I’m struggling with an issue with nf-core modules I have made for building Kraken2.
For context, Kraken2 uses a directory as a database. To build the database, you have to execute two separate commands. In the first step you add all a collection of files to a directory. In the second command, you then execute the actual ‘build’ command that creates the custom files used by Kraken2 itself.
Following nf-core module structure, I have split these two steps into two separate modules. This structure also has the benefit because each of the two commands takes a long time. Therefore separating the two makes it more HPC friendly.

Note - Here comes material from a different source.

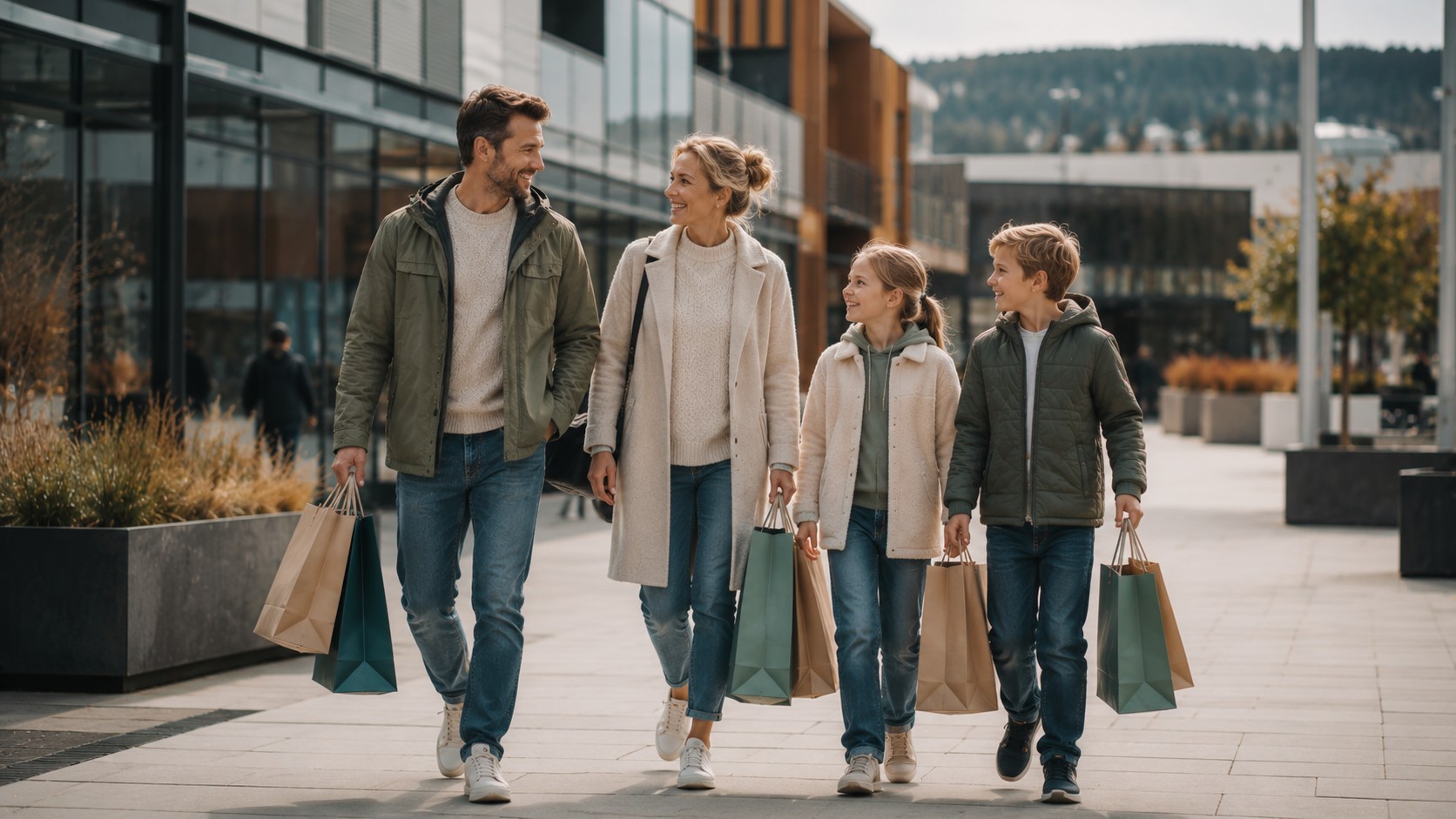 Familie på handletur på Strømmen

A user where I’m using this (nf-core/createtaxdb), has reported an issue in this system when using container systems. The second module (the ‘build’ one that receives the directory as input) fails when supplying the pipeline with a file on a local file system, because the tool cannot find one of the files inside the the received directory.

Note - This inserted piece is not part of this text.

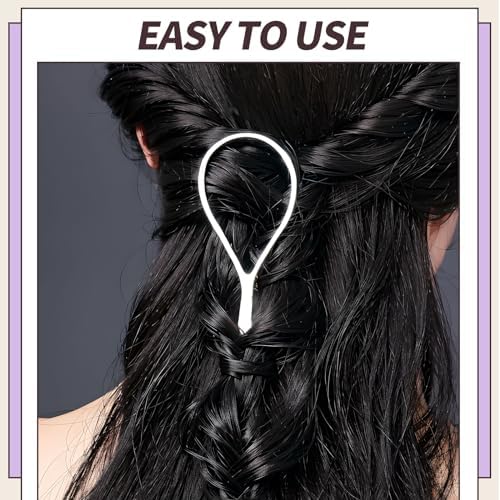 Teenitor 4pcs Pony Tail Hair Tools: 2 Pairs Pony Styling Loop, Pull Through & French Braiding Accessories for Women & Girls - Light Purple/White - Image 5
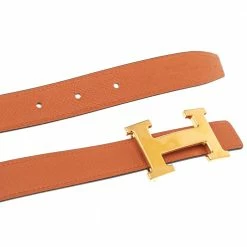 Hermes Black/Orange Epsom And Swift Leather Mini H Buckle Reversible Belt 70CM For Women 11 Hermes Black/Orange Epsom And Swift Leather Mini H Buckle Reversible Belt 70CM For Women -Deals Hermes Store luxury women hermes used accessories p609417 002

Command error: build_db: error opening taxonomy//nodes.dmp: No such file or directory
I’ve identified this as the problem with Docker not (being able to) follow the two layers of symlinks (i.e. the symlink of the original file on the filesystem into the directory, the directory of which is then symlinked from the first to the second process). I can identify this by taking the docker run command from the .command.run process, tweaking it to an interactive session, and looking inside. Files supplied via a URL into the module and thus staged into the working directory by Nextflow are accessible within the docker container, but the files on the local system have a red ‘broken link’ bash colour.
To demonstrate the problem, I’ve made a little-ish reprex of the issue
kraken2-symlink-issue-reprex.zip (1.4 KB)

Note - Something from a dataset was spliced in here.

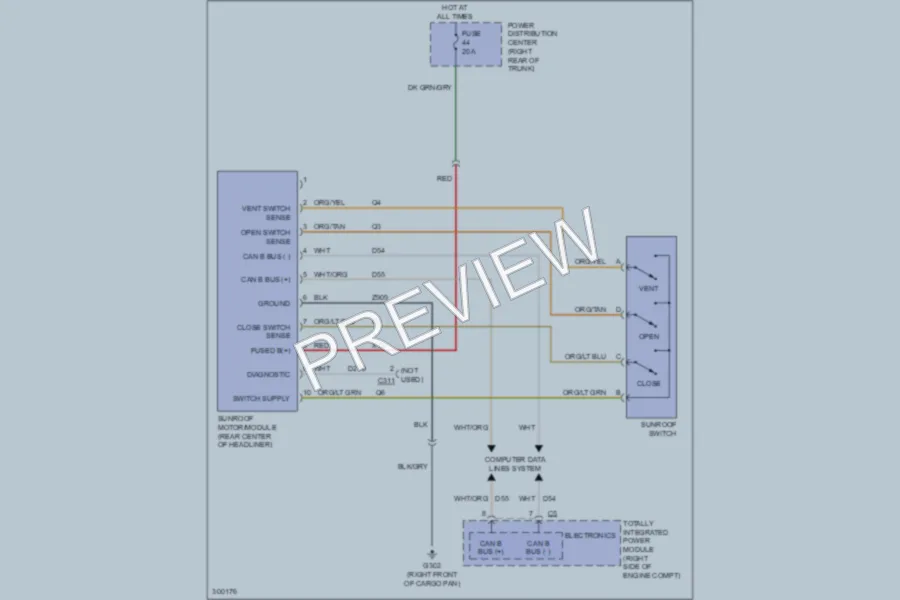 2008 Dodge Challenger Power Top Sunroof wiring diagram preview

And you can run nextflow run main.nf -c nextflow.config , where you will get the error
Command error:cat: taxonomy/a_staged.txt: No such file or directory
I was wondering if anyone would have any suggestions if there is a work around to make Docker follow all the symlinks and if there is a way to get Nextflow to do this.
Workarounds I’ve found are:
- Use
stageAsMode 'copy'but this is unsatisfying as duplicating the very large files will hit the disk - Merging the two modules into one, but this is unsatisfying as it’s merging two very long running processes
One other suggestion I’ve been given (not yet tested) is to not export a directory from the first module, but all files and then ‘reconstruct’ the directory using stageAs in the downstream module
But the two tested workarounds are not great.